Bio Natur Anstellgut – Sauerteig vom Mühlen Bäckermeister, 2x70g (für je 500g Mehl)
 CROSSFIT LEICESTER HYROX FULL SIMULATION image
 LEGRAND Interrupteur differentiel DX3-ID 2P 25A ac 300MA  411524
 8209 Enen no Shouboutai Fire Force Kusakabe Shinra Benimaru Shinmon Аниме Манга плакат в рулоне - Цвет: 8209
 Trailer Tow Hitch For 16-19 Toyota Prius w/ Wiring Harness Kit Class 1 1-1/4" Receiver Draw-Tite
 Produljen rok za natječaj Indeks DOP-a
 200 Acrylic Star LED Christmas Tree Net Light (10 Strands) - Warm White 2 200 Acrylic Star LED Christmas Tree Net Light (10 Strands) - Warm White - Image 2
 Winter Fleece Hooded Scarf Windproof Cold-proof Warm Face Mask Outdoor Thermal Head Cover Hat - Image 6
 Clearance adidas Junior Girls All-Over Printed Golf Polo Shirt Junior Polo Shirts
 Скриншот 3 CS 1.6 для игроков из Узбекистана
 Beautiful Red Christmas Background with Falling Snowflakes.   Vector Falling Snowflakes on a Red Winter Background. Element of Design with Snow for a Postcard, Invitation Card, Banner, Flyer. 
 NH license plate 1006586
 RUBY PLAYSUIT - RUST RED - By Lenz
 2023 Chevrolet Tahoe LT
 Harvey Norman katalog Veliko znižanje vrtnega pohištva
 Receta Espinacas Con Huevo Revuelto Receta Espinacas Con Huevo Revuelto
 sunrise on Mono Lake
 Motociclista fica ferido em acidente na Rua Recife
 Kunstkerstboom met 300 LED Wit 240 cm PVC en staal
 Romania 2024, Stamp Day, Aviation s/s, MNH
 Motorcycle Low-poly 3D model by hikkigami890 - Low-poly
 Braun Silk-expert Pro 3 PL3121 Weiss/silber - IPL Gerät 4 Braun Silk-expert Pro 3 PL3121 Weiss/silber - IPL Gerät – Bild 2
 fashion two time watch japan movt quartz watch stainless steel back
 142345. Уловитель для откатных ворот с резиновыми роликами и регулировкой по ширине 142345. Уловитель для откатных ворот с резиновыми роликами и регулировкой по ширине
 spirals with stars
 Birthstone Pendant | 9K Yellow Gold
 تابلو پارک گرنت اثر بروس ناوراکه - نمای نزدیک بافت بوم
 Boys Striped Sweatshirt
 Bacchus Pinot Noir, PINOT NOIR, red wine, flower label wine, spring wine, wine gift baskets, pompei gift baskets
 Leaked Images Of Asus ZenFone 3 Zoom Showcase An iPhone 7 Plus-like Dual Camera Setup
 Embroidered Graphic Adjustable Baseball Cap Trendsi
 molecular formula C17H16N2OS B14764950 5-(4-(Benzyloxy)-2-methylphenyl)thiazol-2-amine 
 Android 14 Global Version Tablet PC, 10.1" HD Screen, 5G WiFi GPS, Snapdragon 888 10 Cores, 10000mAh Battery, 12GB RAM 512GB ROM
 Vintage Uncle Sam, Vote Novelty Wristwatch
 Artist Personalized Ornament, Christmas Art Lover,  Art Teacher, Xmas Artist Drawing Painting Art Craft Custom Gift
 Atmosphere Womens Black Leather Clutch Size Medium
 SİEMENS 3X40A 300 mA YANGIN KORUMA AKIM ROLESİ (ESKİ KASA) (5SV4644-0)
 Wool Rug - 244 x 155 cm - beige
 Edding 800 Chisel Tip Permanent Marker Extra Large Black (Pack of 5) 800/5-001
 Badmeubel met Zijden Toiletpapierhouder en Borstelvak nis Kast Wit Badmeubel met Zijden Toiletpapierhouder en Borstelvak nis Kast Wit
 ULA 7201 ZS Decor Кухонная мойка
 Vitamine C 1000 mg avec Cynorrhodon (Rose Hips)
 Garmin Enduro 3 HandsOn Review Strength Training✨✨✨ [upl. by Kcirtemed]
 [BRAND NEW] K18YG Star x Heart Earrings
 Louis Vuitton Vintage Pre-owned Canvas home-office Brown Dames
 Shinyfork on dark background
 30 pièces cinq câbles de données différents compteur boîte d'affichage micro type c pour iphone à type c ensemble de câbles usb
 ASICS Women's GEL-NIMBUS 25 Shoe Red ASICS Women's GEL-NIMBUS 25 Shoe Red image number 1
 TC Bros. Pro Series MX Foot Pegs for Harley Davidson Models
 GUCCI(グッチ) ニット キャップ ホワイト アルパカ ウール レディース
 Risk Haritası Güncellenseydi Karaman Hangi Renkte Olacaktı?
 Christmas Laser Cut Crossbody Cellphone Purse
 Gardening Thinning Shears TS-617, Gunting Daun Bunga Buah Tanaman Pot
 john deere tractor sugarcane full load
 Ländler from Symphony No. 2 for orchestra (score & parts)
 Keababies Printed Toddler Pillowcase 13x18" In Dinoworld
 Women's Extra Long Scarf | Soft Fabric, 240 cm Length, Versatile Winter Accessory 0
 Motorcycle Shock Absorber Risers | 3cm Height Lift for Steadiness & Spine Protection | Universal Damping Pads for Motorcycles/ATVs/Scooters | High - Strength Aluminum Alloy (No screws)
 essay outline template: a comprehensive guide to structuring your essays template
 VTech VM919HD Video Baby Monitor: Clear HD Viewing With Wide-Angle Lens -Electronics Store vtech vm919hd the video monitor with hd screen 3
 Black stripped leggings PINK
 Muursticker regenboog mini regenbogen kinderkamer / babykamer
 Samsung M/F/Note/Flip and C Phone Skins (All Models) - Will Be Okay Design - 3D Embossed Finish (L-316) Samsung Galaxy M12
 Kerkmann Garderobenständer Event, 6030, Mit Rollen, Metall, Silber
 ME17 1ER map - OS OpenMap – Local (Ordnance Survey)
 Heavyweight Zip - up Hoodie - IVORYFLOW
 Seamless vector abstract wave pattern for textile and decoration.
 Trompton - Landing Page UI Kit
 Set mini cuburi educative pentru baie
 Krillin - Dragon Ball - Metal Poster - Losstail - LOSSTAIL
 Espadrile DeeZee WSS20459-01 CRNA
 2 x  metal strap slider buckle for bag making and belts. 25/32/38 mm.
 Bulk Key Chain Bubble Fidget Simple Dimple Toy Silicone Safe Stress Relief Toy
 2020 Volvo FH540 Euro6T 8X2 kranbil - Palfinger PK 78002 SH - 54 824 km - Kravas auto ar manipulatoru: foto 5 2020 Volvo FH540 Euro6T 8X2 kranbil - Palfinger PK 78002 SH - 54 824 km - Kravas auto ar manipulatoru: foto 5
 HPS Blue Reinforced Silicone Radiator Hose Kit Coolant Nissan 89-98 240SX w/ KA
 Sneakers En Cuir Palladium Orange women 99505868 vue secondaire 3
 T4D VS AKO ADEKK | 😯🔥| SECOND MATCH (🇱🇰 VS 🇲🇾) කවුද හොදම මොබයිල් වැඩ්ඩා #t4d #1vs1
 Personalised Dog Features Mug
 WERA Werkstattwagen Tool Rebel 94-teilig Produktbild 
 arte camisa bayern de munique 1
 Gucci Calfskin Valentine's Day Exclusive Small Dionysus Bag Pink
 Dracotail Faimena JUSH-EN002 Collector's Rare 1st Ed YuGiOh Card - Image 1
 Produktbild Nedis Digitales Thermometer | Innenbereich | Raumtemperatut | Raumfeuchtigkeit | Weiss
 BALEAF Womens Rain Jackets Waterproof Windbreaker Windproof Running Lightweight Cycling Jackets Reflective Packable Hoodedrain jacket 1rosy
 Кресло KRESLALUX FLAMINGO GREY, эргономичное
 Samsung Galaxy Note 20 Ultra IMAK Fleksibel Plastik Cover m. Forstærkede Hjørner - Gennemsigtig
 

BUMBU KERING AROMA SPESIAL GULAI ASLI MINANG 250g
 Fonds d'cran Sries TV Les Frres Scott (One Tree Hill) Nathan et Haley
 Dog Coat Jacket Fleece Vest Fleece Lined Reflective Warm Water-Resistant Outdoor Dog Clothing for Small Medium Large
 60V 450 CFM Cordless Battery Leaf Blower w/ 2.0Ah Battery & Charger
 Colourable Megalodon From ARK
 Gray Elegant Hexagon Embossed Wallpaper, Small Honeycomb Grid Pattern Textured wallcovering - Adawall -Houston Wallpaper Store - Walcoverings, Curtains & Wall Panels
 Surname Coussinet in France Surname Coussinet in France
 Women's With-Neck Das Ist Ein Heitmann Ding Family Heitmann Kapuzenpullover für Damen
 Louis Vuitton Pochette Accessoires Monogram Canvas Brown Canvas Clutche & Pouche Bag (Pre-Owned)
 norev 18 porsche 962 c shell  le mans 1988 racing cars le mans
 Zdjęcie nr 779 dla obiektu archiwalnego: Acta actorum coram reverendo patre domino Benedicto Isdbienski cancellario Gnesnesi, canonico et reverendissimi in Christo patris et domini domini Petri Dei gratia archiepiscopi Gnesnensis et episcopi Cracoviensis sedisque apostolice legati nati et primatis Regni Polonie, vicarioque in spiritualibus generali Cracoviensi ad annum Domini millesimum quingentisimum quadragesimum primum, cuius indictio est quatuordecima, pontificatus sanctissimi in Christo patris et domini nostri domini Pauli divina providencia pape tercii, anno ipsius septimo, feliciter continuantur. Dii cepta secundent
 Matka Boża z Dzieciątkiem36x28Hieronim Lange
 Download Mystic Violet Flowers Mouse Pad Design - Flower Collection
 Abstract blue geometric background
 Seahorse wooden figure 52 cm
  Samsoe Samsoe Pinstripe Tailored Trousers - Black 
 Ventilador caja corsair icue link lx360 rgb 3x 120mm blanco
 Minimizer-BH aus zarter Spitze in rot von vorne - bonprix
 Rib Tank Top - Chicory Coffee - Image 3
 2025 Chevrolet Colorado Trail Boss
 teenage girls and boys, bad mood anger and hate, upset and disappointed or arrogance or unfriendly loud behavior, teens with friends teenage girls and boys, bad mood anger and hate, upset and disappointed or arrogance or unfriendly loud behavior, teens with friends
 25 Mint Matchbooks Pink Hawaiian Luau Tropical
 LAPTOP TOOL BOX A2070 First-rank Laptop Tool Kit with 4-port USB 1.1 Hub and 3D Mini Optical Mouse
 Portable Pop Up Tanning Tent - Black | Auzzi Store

## REQUIRED ACTION
Could you report how many lines of the listing contain the word "Womens"? Only the number is needed.

## TASK SOLUTION
2